Now if we want to choose $n+1 = 2k +3$. Then I stop here, And don't know how to proceed .

Any suggestions ? or is there another way to answer this question without mathematical induction !

Your induction proof can be made simpler. You already proved the base case. Now suppose you choose $m+1$ numbers from a set of size $2m$ where $m=n+2$. Let $s$ be the smallest number chosen. If $s+2$ has also been chosen you are done.
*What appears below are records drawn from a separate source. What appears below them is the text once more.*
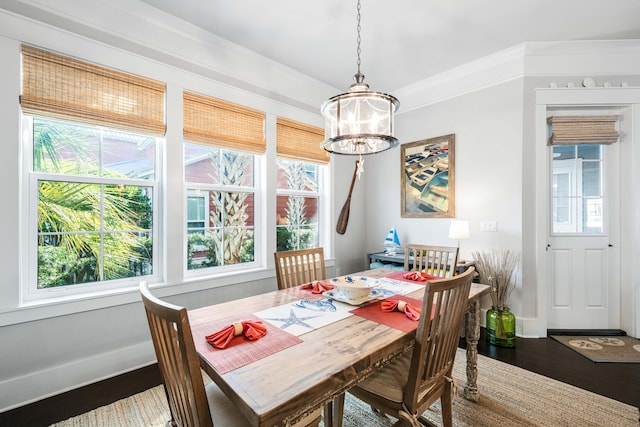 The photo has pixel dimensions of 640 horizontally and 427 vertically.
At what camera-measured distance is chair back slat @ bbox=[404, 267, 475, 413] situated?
1.14m

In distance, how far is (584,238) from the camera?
2.98m

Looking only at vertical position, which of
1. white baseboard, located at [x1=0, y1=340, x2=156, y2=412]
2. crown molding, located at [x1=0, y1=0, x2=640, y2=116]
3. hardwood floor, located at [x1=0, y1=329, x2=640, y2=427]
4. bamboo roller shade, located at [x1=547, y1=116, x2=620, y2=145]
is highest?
crown molding, located at [x1=0, y1=0, x2=640, y2=116]

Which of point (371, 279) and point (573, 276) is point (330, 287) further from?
point (573, 276)

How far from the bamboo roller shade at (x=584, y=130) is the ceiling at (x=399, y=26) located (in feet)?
2.36

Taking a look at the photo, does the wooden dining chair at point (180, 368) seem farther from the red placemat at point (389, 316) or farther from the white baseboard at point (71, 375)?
the white baseboard at point (71, 375)

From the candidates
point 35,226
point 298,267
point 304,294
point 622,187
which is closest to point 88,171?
point 35,226

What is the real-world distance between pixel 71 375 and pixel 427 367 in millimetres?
2377

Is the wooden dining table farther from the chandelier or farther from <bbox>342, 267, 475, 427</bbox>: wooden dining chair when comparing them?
the chandelier

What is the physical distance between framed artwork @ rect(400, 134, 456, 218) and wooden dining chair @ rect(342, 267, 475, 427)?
2291 mm

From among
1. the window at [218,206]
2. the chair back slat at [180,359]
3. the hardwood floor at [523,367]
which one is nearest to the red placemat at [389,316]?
the chair back slat at [180,359]

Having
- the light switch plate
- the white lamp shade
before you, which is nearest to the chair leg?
the white lamp shade

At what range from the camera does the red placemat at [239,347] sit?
1.01 metres

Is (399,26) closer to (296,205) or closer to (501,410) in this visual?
(296,205)

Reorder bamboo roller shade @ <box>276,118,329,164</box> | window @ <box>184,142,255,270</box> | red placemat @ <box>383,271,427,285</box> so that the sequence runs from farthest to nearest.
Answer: bamboo roller shade @ <box>276,118,329,164</box> → window @ <box>184,142,255,270</box> → red placemat @ <box>383,271,427,285</box> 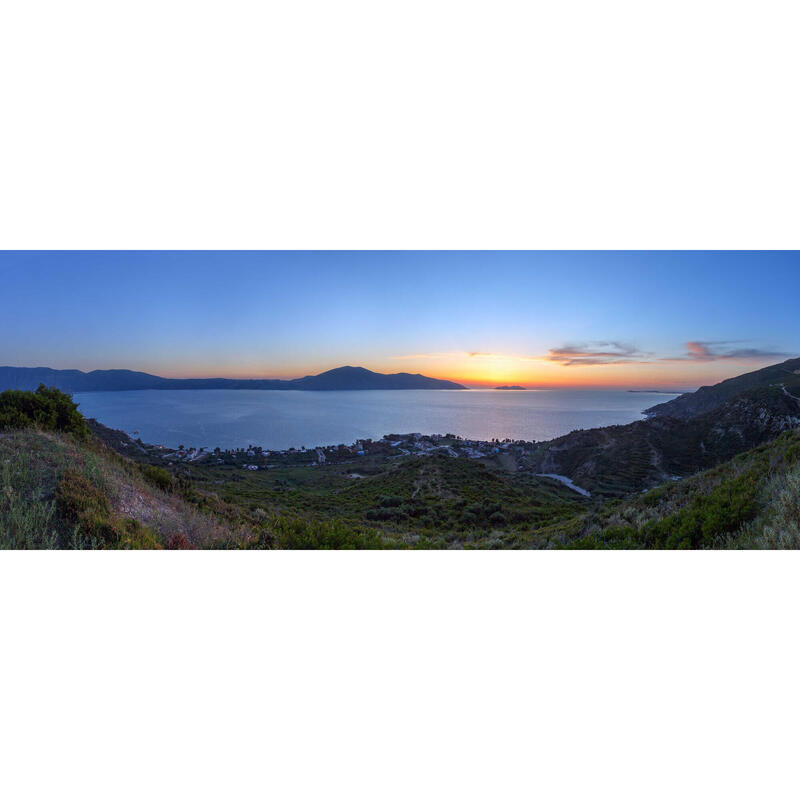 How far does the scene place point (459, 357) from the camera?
176 inches

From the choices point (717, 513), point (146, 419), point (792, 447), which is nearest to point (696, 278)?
point (792, 447)

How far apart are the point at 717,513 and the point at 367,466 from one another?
292 inches

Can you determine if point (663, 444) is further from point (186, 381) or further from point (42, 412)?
point (42, 412)

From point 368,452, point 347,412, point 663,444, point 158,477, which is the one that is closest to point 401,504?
point 347,412

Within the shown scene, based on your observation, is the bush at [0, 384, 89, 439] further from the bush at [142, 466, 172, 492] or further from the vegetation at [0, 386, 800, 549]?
the bush at [142, 466, 172, 492]

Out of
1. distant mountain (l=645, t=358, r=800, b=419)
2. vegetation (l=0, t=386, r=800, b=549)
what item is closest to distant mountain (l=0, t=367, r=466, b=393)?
vegetation (l=0, t=386, r=800, b=549)

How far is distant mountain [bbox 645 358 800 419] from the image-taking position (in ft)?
12.3

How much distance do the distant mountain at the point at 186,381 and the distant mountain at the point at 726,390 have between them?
290cm

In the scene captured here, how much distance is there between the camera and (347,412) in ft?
17.8

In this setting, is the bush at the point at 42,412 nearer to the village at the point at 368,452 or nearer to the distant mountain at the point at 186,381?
the distant mountain at the point at 186,381

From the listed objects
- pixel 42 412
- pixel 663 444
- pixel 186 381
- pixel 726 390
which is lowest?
pixel 663 444

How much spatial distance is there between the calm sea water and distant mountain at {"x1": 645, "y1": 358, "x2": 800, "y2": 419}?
1.03ft

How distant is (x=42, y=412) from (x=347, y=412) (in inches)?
141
If not, consider the set $\{s+k, ...,2m\}$ where $k=1$ or $k=2$, whichever makes the set have even cardinality. Since this is less than or equal to $2n$, by the induction hypothesis, there must be two numbers that are two apart.
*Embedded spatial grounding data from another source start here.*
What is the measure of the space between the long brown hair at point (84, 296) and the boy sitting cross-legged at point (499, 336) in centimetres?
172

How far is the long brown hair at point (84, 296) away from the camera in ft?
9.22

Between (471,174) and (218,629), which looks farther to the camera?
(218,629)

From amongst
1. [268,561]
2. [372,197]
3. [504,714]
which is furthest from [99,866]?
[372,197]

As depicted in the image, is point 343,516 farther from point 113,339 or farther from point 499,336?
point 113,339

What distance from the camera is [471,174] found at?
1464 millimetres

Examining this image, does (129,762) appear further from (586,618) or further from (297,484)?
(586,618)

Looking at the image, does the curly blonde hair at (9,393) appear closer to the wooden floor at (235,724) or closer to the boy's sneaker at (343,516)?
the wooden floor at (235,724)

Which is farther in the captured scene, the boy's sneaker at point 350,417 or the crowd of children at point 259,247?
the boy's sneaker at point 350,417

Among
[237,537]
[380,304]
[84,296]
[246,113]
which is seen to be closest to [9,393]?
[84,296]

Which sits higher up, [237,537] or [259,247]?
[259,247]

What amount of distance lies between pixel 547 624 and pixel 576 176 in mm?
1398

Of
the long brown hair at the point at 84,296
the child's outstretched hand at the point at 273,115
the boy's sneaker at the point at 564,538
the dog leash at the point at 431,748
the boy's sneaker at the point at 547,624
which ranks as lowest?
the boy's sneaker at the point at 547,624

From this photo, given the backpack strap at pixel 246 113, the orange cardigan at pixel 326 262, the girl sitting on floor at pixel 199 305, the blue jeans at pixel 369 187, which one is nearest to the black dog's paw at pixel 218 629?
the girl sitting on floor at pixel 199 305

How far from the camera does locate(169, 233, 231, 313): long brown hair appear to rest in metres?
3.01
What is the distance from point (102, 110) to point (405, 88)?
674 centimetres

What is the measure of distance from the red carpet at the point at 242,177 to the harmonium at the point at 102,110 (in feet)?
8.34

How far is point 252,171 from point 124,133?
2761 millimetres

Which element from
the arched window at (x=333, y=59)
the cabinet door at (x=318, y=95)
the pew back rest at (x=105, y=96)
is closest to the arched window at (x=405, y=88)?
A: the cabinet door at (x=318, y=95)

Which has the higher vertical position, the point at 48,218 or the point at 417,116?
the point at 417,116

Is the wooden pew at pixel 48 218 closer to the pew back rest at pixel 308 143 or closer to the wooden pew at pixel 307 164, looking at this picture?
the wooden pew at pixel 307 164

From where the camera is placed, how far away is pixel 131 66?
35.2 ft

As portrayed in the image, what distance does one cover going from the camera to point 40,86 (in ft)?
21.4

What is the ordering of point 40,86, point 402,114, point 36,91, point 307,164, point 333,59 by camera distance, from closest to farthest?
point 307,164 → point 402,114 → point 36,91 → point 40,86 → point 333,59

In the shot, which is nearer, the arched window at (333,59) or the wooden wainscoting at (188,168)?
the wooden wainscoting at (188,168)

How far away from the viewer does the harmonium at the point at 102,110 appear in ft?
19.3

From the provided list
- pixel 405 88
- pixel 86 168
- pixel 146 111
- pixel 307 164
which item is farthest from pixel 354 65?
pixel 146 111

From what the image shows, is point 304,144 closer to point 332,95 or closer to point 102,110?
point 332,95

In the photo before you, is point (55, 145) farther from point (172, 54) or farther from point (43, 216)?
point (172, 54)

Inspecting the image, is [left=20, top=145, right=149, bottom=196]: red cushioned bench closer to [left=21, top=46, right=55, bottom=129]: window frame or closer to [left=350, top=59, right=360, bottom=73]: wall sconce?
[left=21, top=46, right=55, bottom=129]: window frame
• Ok, I just lost you for a second there. So I first assume that it works for some even $n$ and Now I want to show it works for $n+2=m$. And I consider the set $\{1,2,....2m \}$ right. Then I let $s$ bet the smallest number chosen from this set, and then if $s+2$ has been chosen also, I am done. If not, I consider the set $\{s+k,.....,2m \}$ which is a subset from $\{1,,,,2m \}$. Now Why is this less than or equal to $2n$ I don't get it ? – alkabary Oct 4 '15 at 23:38
• The smallest $s$ can be is 1. If that is the case $\{s+2,..,2m\}$ is smaller by 2 which makes it less than or equal to $2n$. – John Douma Oct 4 '15 at 23:41

Divide the $4k+4$ numbers into group A = $\{1,...,4k\}$ and group B=$\{4k+1,...,4k+4\}$. I want to pick as many numbers as possible without any two numbers that differ by $2$.
You have shown that I can pick at most two from group B. It's the same argument as your main paragraph.
By the inductive hypothesis, I can pick at most $2k$ from group A.
So altogether I can pick at most $2k+2$ numbers without two that differ by $2$.
In other words, if I pick $2k+3$, I will have two that differ by $2$.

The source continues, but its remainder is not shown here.